If conservative website Breibart and the development team of Hatred made a videogame together, it would resemble Blue Estate. To play Blue Estate is to step into a bizarro, hyper-conservative, right wing universe where guns are the only conversation starter and characters are stereotypes questionable even for the 1930s.
Blue Estate laughs as the scenario purposefully inflames liberal ideologies. Led by neurotic Italian Tony Luciano, Blue Estate opens by breaking into a Chinese strip club. A plus size, well endowed woman dressed as a mermaid swims in a fish bowl. She almost drowns, but she’s fat and that’s okay to Blue Estate. Gawking at the bowl and its occupant are Asian assailants, mocking her figure. The mermaid suit and seashell nipple coverings are moderate. Other women – in the club or otherwise – dress only in lingerie.
The gangster’s leader speaks in condescending, broken, accented dialog – whiny shouts of, “Why you here?” while performing imbalanced kung fu routines. The only missing trait of intolerance are buck teeth. Blue Estate isn’t trying to hide the crude racism. Rather, it sheepishly celebrates like a small child who stole a cookie. Blue Estate believes it’s getting away with mannerisms unfit for the days of Charlie Chan. One playable black character is added as an aside to Luciano, but in a “see, we totally have a black guy so it’s okay,” way.
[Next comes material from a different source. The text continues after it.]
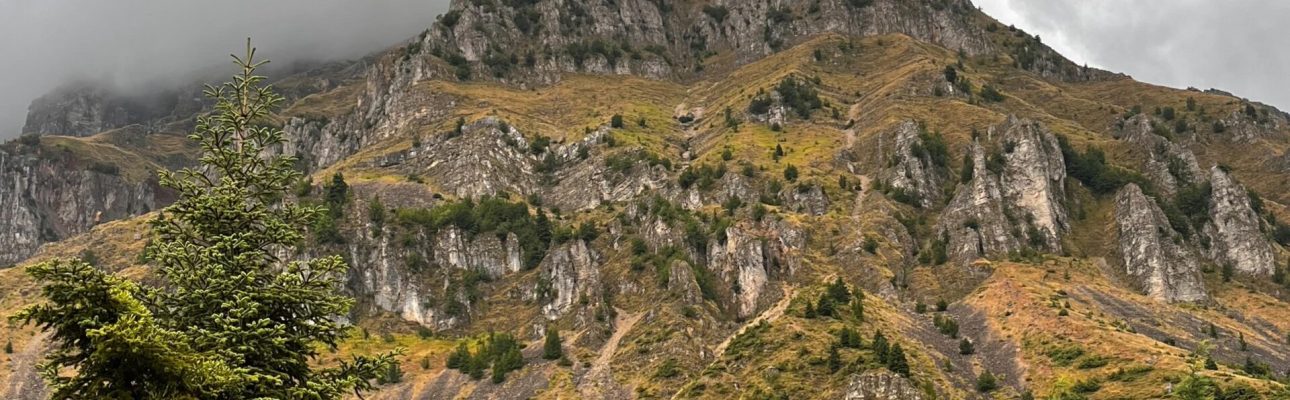 F7C7BB58-034C-4C97-9122-5D48DA5A3690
That’s all before Blue Estate goes on the attack to obliterate the sensitivity of animal rights groups. Kicking leg-humping chihuahuas is Blue Estate’s running gag. Hilarious to the right person, apparently, since it happens six times through the exhaustively overlong stages.
The light gun shooter dies here; this is the genre’s grave. It used to be a holder of cops versus robbers or cowboys versus Indians or special forces versus terrorists. Now it’s a space for political ideologies so crude, they’re primed for a Donald Trump campaign tour.
Then again, there are no light guns in Blue Estate, only Kinect motion commands or a controller. Maybe the genre is safe, whether or not the conventions make up the gameplay. Not that it matters how one interacts with Blue Estate; it’s hideous no matter the style.